Why Does Urban Outfitters Sell Dave Matthews Band Records?

by Alexandra Molotkow


Vinyl is a lifestyle product. Urban Outfitters is a lifestyle brand. Whole Foods sells vinyl(!!!), so it makes sense that Urban Outfitters would have a significant selection — last September they claimed to be the largest vinyl retailer in the world, and while the honor really belonged to Amazon, according to Billboard’s factchecking, they came in a solid second.

Vinyl record sales have increased by 260 percent since 2009, by 54 percent in 2014, and 53 percent from January to March of this year, compared to the same period last year. It’s not a huge industry, but it’s a booming industry, largely because records are meaningful accoutrements. And you know what? That’s OK. This is pure conjecture, but I’d assume most hardcore record buyers aren’t shopping at Urban Outfitters, and that most Urban Outfitter shoppers aren’t patronizing mom-and-pop stores on the regular. At the end of the day, everyone gets records, and that’s a mildly pleasant thought.

“A quarter of young adults buy records they never listen to, a survey of British music fans discovered last year,” CNN reported the other week. Note that even big-time record collectors — if not especially big-time record collectors — buy records they never listen to. Records are sold, at whatever price point, as precious objects; vinyl is not a particularly useful medium.

The same piece reported that Rough Trade’s 15,000-square-foot Williamsburg warehouse is the largest record retailer in New York City. Rough Trade, if you didn’t know, takes its mission seriously:

This audacious move relies on delivering a “third place” experience between home and work, says co-owner Stephen Godfroy, which other formats could not offer.

“(This) was the original role of a record store,” says Godfroy. “Being more than a point of purchase … a place of congregation for independent, creative minds, a place that rewarded curiosity with serendipitous discovery, appealing to all ages and tastes in music.

“Accessing music has become virtually free. This has put into sharp relief the value derived from owning a recorded music artefact, of which vinyl is the most attractive. Younger, ‘format savvy’ generations listen to music on many formats and devices, but increasingly choose to invest in vinyl for their most loved recordings, given the multi-sensory value vinyl uniquely provides.”

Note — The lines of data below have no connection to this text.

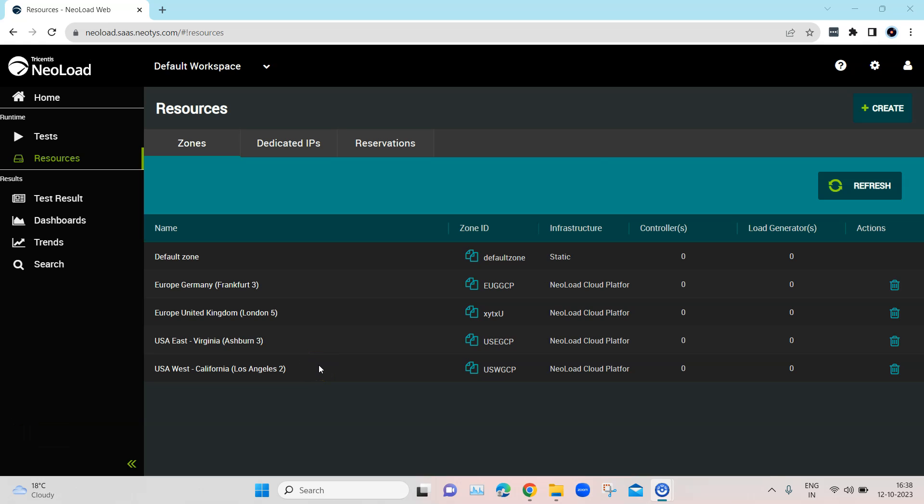Hey everyone, welcome back to another video on this performance testing with NeoLoad playlist. We have already seen how we can export a test from a NeoLoad controller to NeoLoad Web so that you can start executing that test. But before doing that, you need to have some resources — these are the load agents where you will be running your performance tests.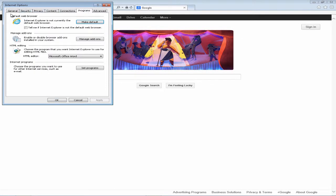The first thing you should see is the default web browser category. It says Internet Explorer is not currently the default web browser. You also have a prompt that says 'tell me if Internet Explorer is not the default browser.' I recommend not checking this, because anytime you open Internet Explorer you will be asked if you want to make IE your default web browser — it can get annoying.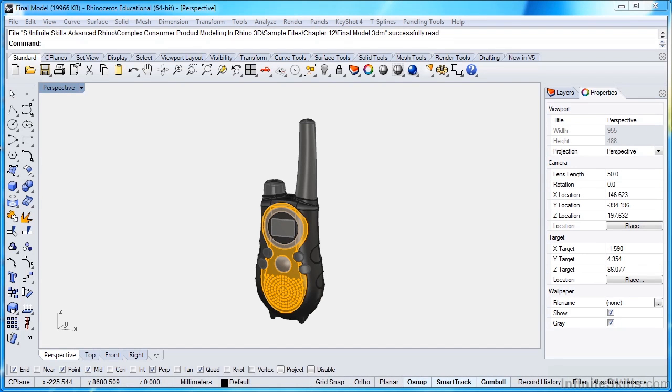I'd like to talk about what we'll be learning in this course. We'll start with a blank screen and proceed all the way through to building this complex walkie-talkie model that you see before you.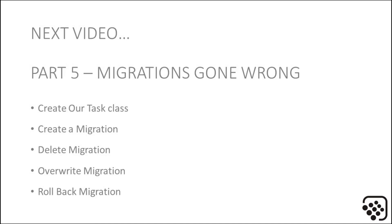With that, we'll go on to the next section. In Part 5, we're going to create our task class and create a migration to migrate it to our database. But then we're going to make a mistake, and this section will show you how to deal with those mistakes in your migrations.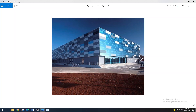Hey everyone, in this video I'll teach you how to create this cool facade using the Dynamo tool. With Dynamo, you can put all of these panels randomly, like we have over here. Let's get started. I was working on my school project and it was time for the facade, and I came across this cool facade while surfing the net.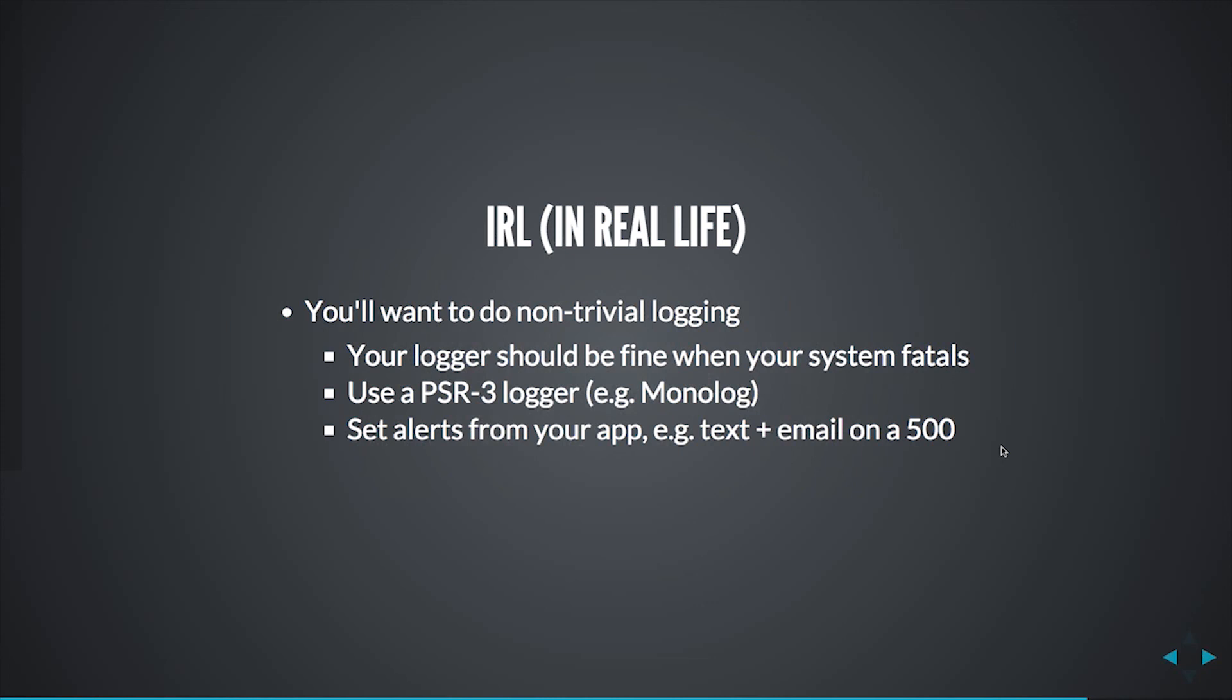The cool thing that you can do if you do that is, for example, in an API response, include a log reference in the error response. In that way, when somebody calls support and says, I got a 500 and this is Y or this is the error log ref that I was given, then you can look that up in your logging solution, whether that's a database because you don't have any traffic or in a dedicated logging solution because you do, and say, oh, that was due to an exception or error in this line. Let me go fix that.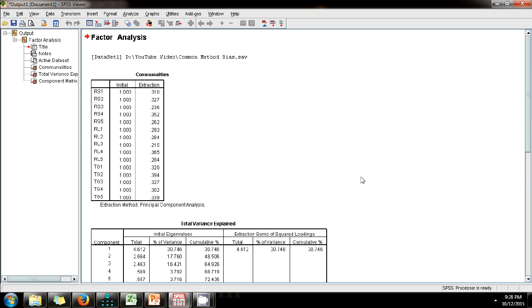In this dataset, we observe that the maximum variance explained by a single factor is 30.75%, or approximately 31%.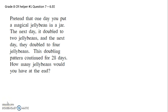This video is to help you with question number seven on your first CR. It says: pretend that one day you put a magical jelly bean in a jar. The next day, it doubled to two jelly beans. The next day, they doubled to four jelly beans. This doubling pattern continued for 28 days. How many jelly beans would you have at the end?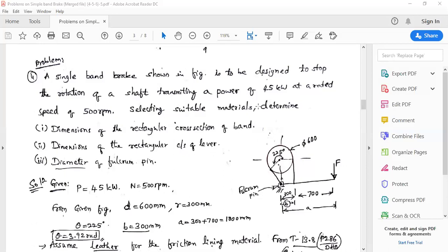Hello dear students, welcome back to the session on simple band brake. In the previous class we discussed problems on simple band brake, and we will continue with the same concept. Previously we calculated the operating force required and the dimensions of the brake lever.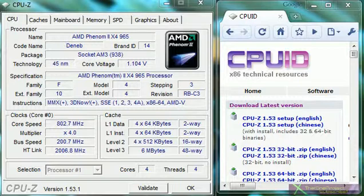Hello everyone, this is ThatOneProject here, and today I'm going to show you how you can look at all of the statistics and specifications on your computer through one very simple program.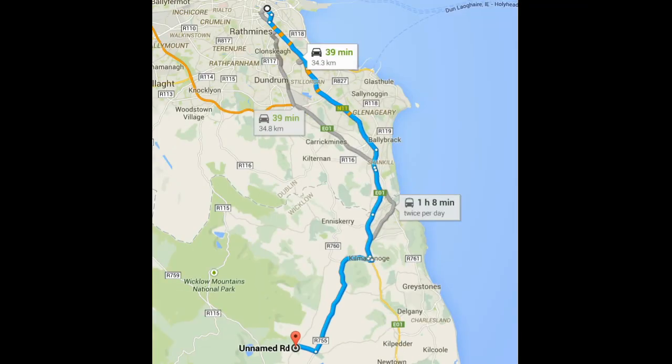As regards producing a hard copy of the route, this can be done by means of screenshots, which you can paste into Microsoft Word or Microsoft Publisher or whatever other software you're used to using.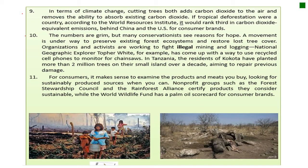Paragraph 10: the numbers are grim — grim means miserable and scary — but many conservationists see reasons for hope. Look at the difference between this paragraph and the previous one. The previous one talked about the miserable and dire situation, but here paragraph 10 has an opposing idea. Many conservationists — those who care about the environment and want to conserve it — see reasons for hope. A movement is underway to preserve existing forest ecosystems and restore lost tree cover. Organizations and activists are working to fight illegal mining and logging.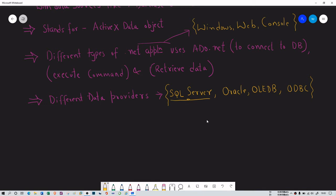Now if you see Visual Studio, I have Visual Studio 2010. I'm using a very obsolete version of it, but it gives me good performance and I don't want to deal with the lengthy download of Visual Studio 2019 or 2017. That's why I have Visual Studio 2010. Now it's important to understand what SQL Server is — it has two varieties.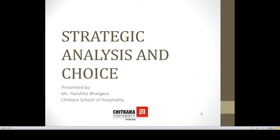Hello everyone, this is Harshita Bhargava from Chitkara School of Hospitality, and in this session we are going to discuss strategic analysis and choice.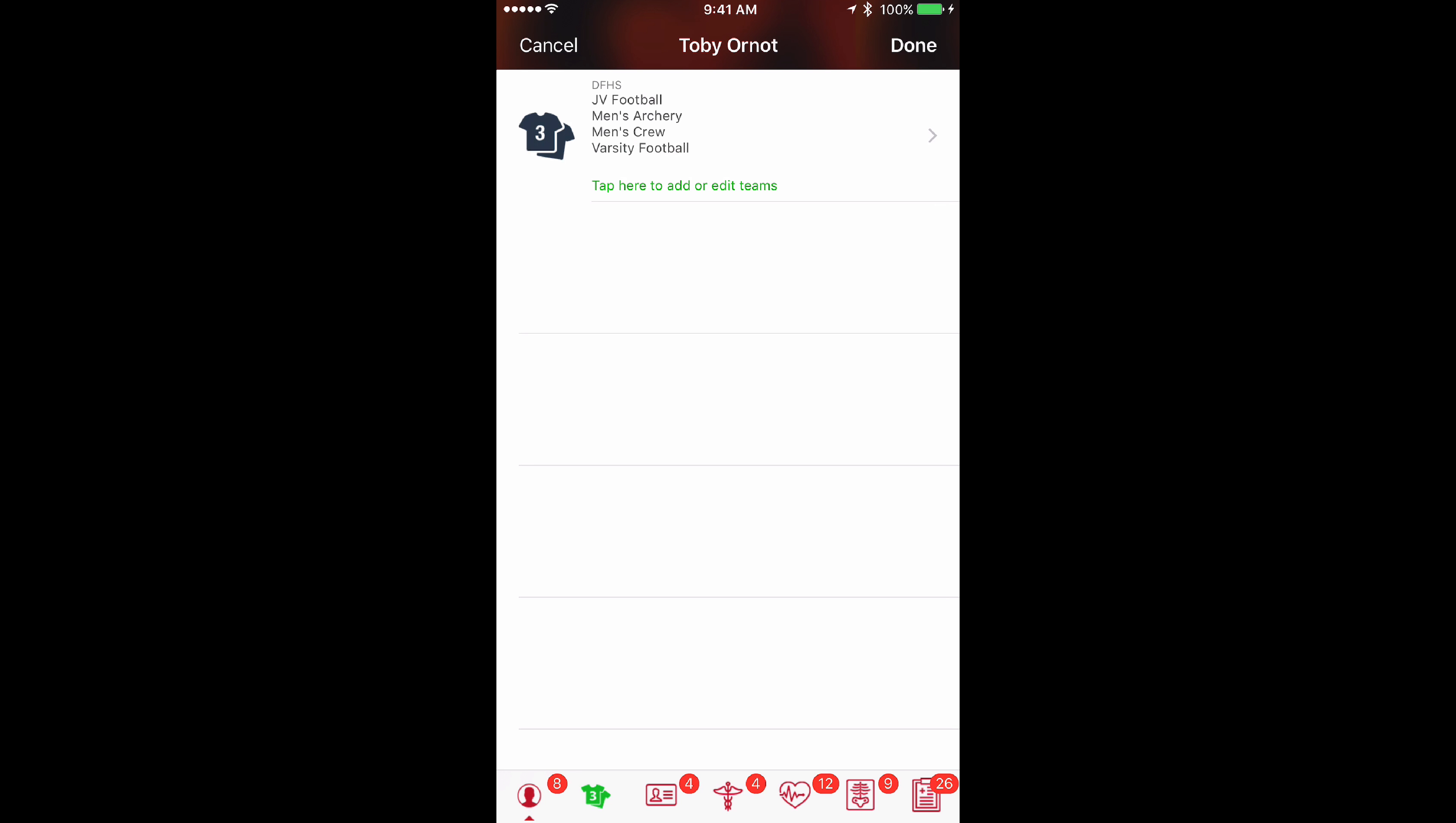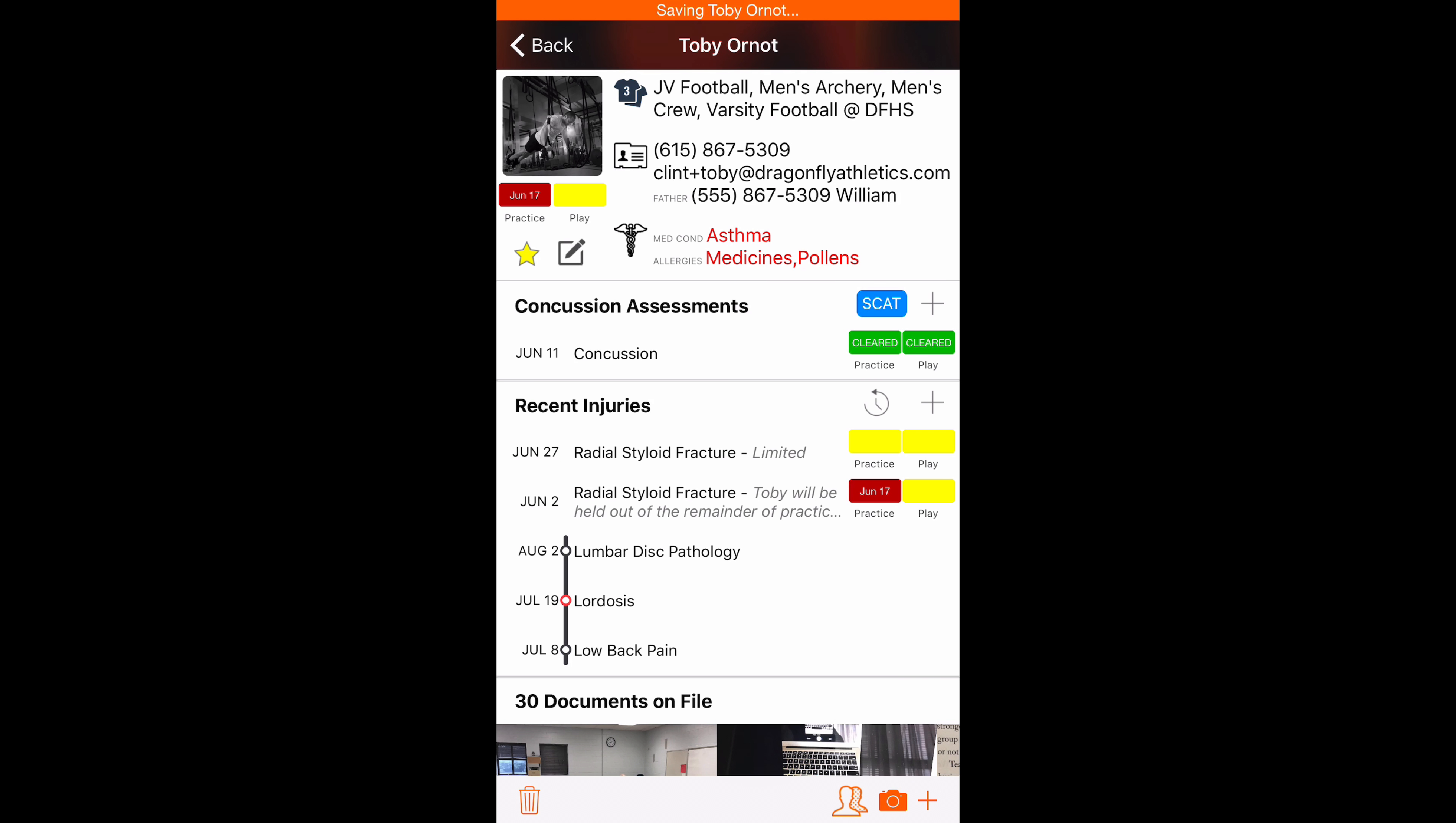Tap done and you'll see that list of teams change. Tap done again and those changes will be saved in the athlete's profile.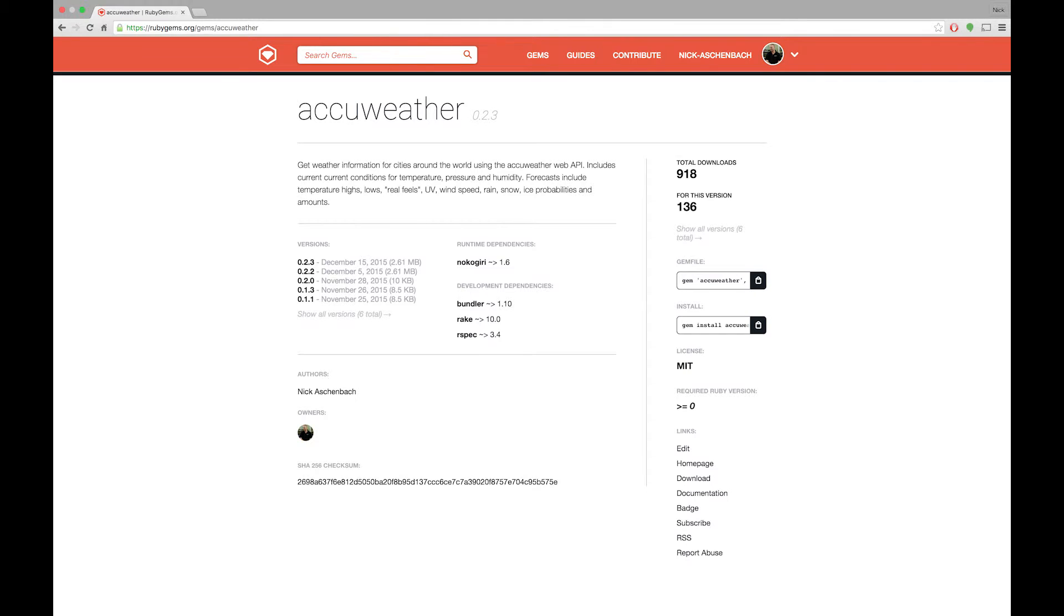I created a gem that wraps the AccuWeather web API. Check it out on rubygems.org. The source code is available on GitHub. That wraps up this clip. So thanks for watching.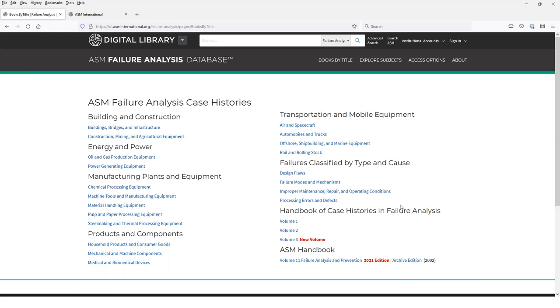The site also includes the three volumes of the Handbook of Case Histories and Failure Analysis, and the complete content of ASM Handbook volume 11, Failure Analysis and Prevention. So let's take a look at a volume page.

Again: vinyl is a lifestyle product, a modest luxury, and Urban Outfitters is a lifestyle brand. It’s a store that sells cool things, whatever they happen to be, and Hudson Mohawke records are cool, and Top 40 records are cool — basically anything can be cool, if you merchandise it properly. I wouldn’t be all that surprised to see a store window display devoted to Cape Breton sensation Ashley MacIsaac’s bestselling fiddelectronica album Hi™ How Are You Today?, but I was surprised to see DMB’s Under the Table and Dreaming resting proudly on the wall at an Urban Outfitters on 6th Avenue, among the Twin Shadows and Neutral Milk Hotels.

Dave Matthews Band are just about the only group in contemporary Western music that has consistently not been cool. High is adaptable, low is adaptable, out-there is adaptable, but DMB are the middle of the road. To be honest, I’ve never really listened to them — “Too Much” makes me uncomfortable in a not-not-good way, and I remember making fun of the vocals on “Don’t Drink the Water” in middle school, but I know way more about what the band means than what they sound like.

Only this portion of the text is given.